-------- Input data

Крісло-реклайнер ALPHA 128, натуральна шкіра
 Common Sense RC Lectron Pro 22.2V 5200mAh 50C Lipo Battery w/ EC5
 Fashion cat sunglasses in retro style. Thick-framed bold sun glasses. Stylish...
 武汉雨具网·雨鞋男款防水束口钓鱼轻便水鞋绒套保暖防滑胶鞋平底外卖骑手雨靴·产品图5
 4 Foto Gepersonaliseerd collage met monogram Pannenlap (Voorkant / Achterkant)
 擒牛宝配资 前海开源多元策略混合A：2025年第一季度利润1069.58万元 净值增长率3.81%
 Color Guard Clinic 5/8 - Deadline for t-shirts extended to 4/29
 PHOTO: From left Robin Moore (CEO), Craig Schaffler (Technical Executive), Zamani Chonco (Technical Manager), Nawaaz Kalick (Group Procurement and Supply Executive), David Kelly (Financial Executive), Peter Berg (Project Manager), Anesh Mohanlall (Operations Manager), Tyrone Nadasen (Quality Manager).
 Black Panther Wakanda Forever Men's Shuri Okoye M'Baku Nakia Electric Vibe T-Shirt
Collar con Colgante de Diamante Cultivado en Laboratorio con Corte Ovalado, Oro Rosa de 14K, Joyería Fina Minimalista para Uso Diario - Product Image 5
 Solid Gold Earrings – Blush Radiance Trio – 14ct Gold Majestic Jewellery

----------------

## What you are asked to do
Using the entries above, give again exactly the lines from the line holding "武汉雨具网·雨鞋男款防水束口" through the line holding "Color Guard Clinic". Include both end lines and nothing else.

## Written response
 武汉雨具网·雨鞋男款防水束口钓鱼轻便水鞋绒套保暖防滑胶鞋平底外卖骑手雨靴·产品图5
 4 Foto Gepersonaliseerd collage met monogram Pannenlap (Voorkant / Achterkant)
 擒牛宝配资 前海开源多元策略混合A：2025年第一季度利润1069.58万元 净值增长率3.81%
 Color Guard Clinic 5/8 - Deadline for t-shirts extended to 4/29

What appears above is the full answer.